We’ve heard that there won’t be any versions of Sonar for Mac, which is a bummer. Why is this?
We could port SONAR to Mac. It would take a lot of people and long time. My concern with this approach is how maintainable that will be over the long term, and what potential negative impact that may have on our current customers.
You’ve stated that a different product based on different code might be an option for Mac. Is this something that’s in the works?
We have recently developed Scratchpad and Z3ta for iOS, which are built from a new platform. As we develop more products, we expect this new platform to evolve. We can’t wait to see where it takes us.
Given Cakewalk’s somewhat late entry into the DAW world, are there any concerns about Sonar being an underdog of sorts, in a market that’s been dominated by certain DAW’s for years?
I guess this is part of the misconception about Cakewalk. We’ve been in business for 25 years and have been the leaders in adopting new DAW technology like x64, Windows 7/8 support and multi-touch for touch-enabled devices (just to name a few). Before SONAR, we made Cakewalk Professional and Pro Audio. We have sold millions of copies of our software and have one of the most passionate and loyal user bases in the industry. If that’s being the underdog, I’ll take it. Obviously, over the past few years there have been many changes, so maybe that’s why people see us as underdogs. But we have prevailed, and are owned by Gibson Brands which is going to open up so many new opportunities.
In an overly competitive DAW world, what’s been Cakewalk’s main way of marketing its products? Do you have to work extra hard to stick out, or do the products market themselves by word of mouth?
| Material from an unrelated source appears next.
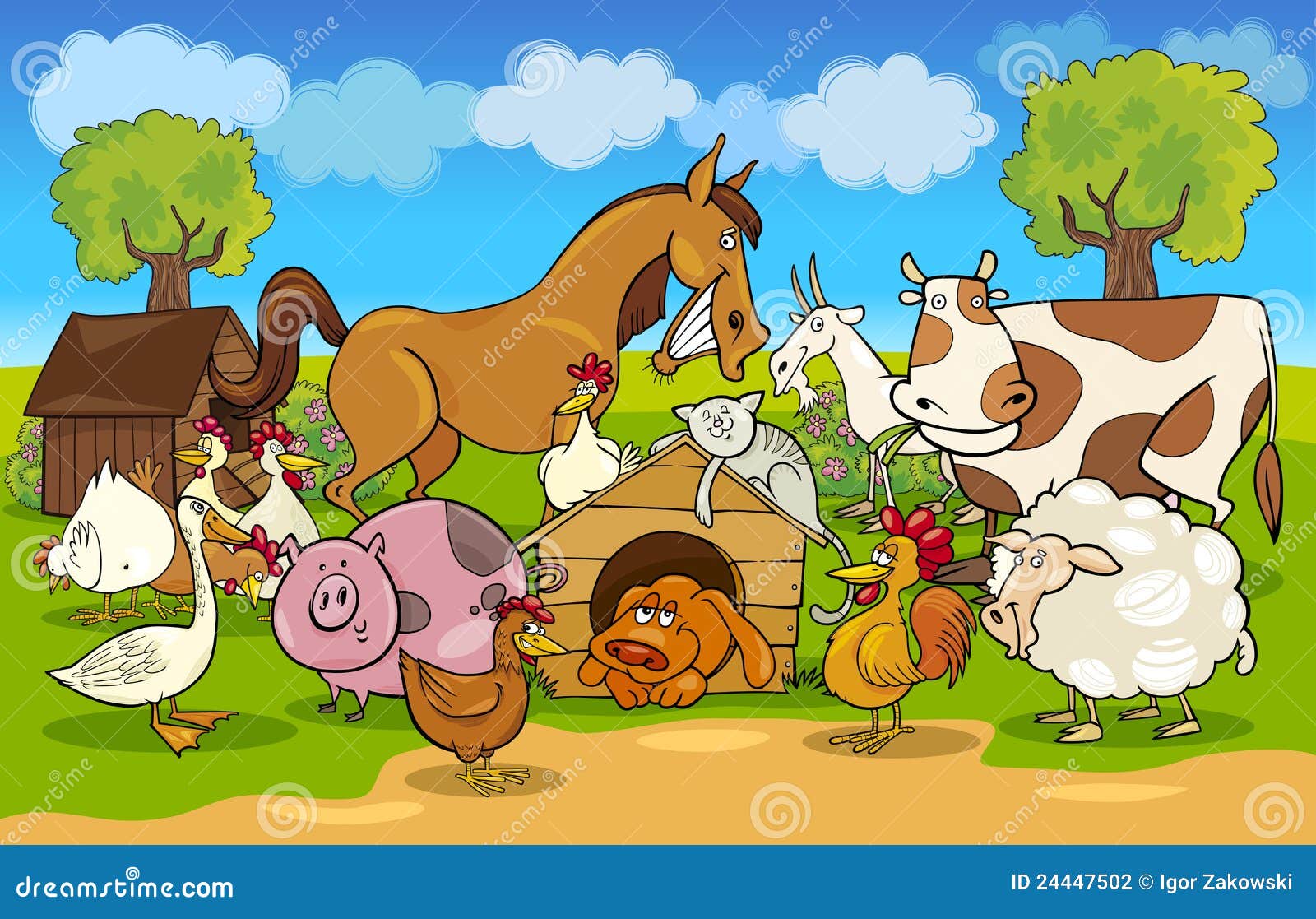 Animal Farm Cartoon Porn - Farm Animals Group Stock Illustrations â€“ 3,295 Farm Animals Group Stock  Illustrations, Vectors & Clipart - Dreamstime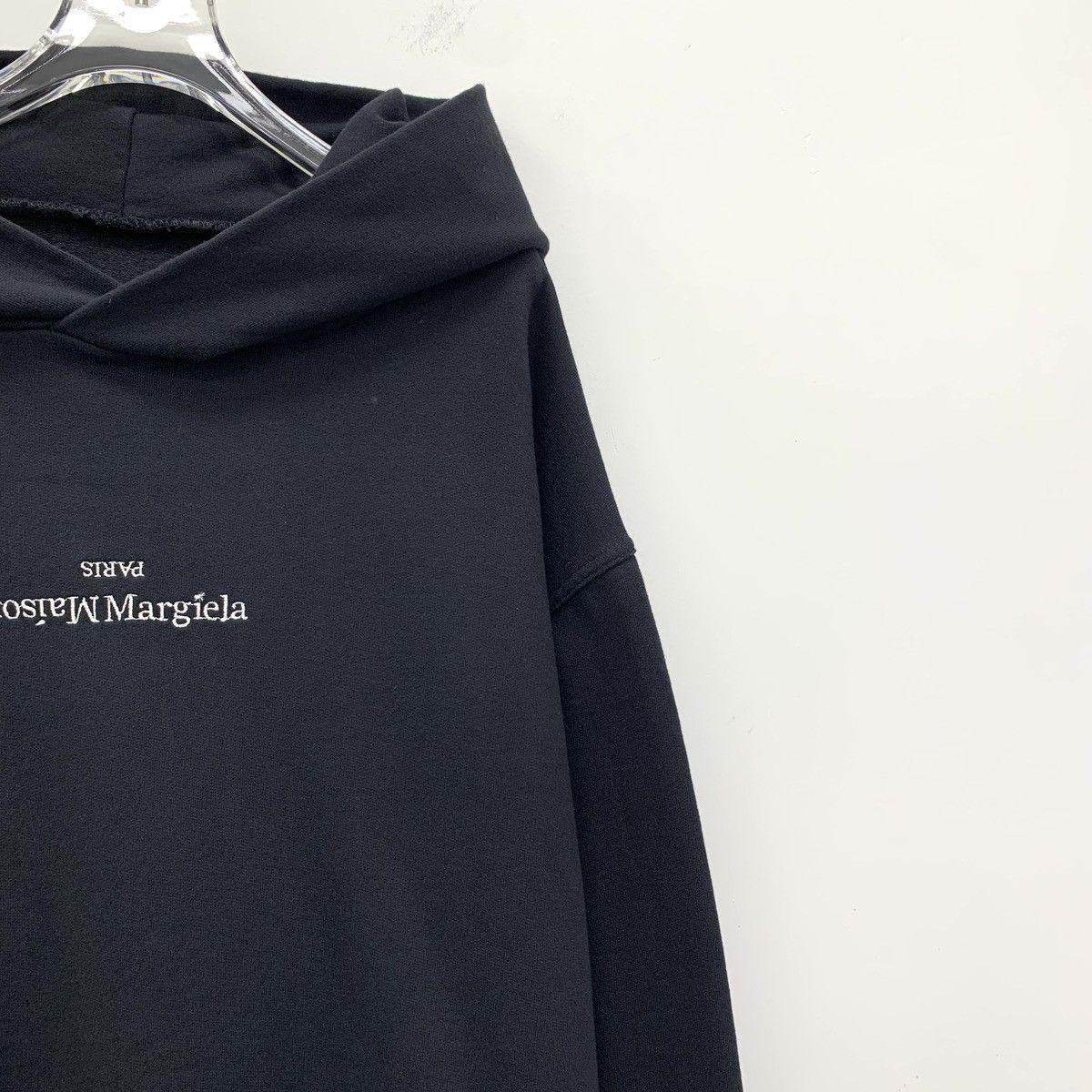 Maison Margiela Maison Margiela Black Logo Monogram Embroidered Sweatshirt Size L / US 10 / IT 46 - 3 Thumbnail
We’ve focused many of our efforts on web-based marketing for two reasons. The first is that is where the customers go to learn about products these days. The second reason is that web-based activities are easier to track, and calculating the return on investment (ROI) is very straightforward. Discussing ROI may not seem very exciting, but honestly, it’s important to spend your marketing dollars wisely and figure out what works and what doesn’t. Over the past few years we’ve invested more dollars in social media and paid search. We also spent a lot of time on search engine optimization (SEO), A/B testing, and email marketing. We still do some traditional advertising (print, physical mailers, etc), but being software geeks we do like our data.
Of course, the best marketing is word of mouth. When you build great products, you get happy customers who spread the word.
On a global level, many would say that Cakewalk’s Z3ta and Rapture synths are more popular than Sonar. Was that something you realized at any point? Are there any plans to expand Cakewalk’s synth line?
What would you say is some of the most positive feedback Cakewalk has gotten for Sonar?
It’s hard to narrow it down to just one. Overall, the response to SONAR X3 has been tremendous. It’s been our most successful X series launch and I think customers are happy that we are listening to them. The relationship between Cakewalk and its customers has always been special. They are passionate and they’ll let us know when they love something and when they hate something. There were some bumps in the road when we launched X1. And over the past few years, we’ve faced a lot of challenges including distribution changes and of course a change in ownership. SONAR X3 was such an important release for us and it was an opportunity to show customers that we are still listening to them. The mission is never complete in our world, but SONAR X3 was a huge step in the right direction. And with Gibson in our corner, I think you are going to see some amazing innovations over the next few years.
Can you share with us what some of Cakewalk’s next moves will be this year?
Hmmm. It’s a secret. Actually, what I can say is that we just moved to a new office, nice bright and open space a little closer to downtown Boston. It’s more open and is already having a positive impact on the team. On another note of forward motion, we are currently looking on expanding our development team as well this year. Thanks for the great questions!